_What you need to do:_ Set every line of the data down again exactly, and keep the pictures out.

_Dataset extract:_
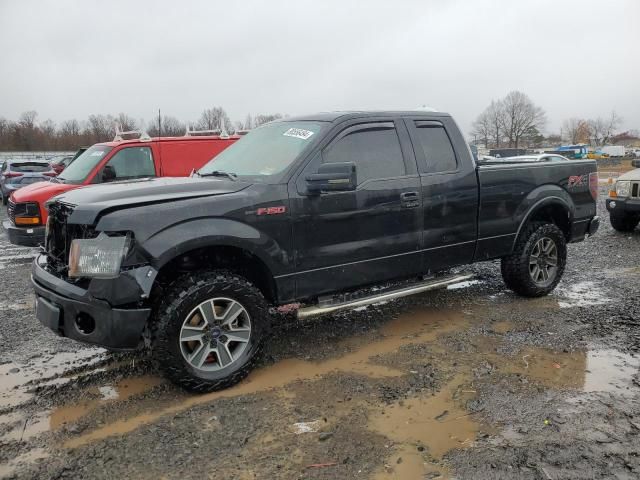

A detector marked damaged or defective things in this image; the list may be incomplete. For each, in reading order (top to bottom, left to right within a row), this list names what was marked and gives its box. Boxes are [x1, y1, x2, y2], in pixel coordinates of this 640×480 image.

damaged front grille [45, 202, 97, 278]
damaged front bumper [31, 253, 157, 350]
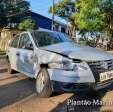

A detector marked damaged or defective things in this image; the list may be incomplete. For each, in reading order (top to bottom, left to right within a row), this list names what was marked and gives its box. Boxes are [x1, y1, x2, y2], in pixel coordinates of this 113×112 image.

damaged car [6, 29, 113, 97]
crumpled hood [41, 42, 113, 61]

_Answer section:_
A detector marked damaged or defective things in this image; the list may be incomplete. For each, in reading order (top to bottom, left to right within a row), this list names what was marked and gives its box. Boxes are [x1, y1, x2, y2], in pixel coordinates of this 640×480 image.

damaged front grille [45, 202, 97, 278]
damaged front bumper [31, 253, 157, 350]

A detector marked damaged or defective things in this image; the list may be incomplete. For each, in reading order (top to bottom, left to right within a row), this list names what was marked and gives its box. Boxes are [x1, y1, x2, y2], in pixel coordinates of this 113×112 image.

damaged car [6, 29, 113, 97]
crumpled hood [41, 42, 113, 61]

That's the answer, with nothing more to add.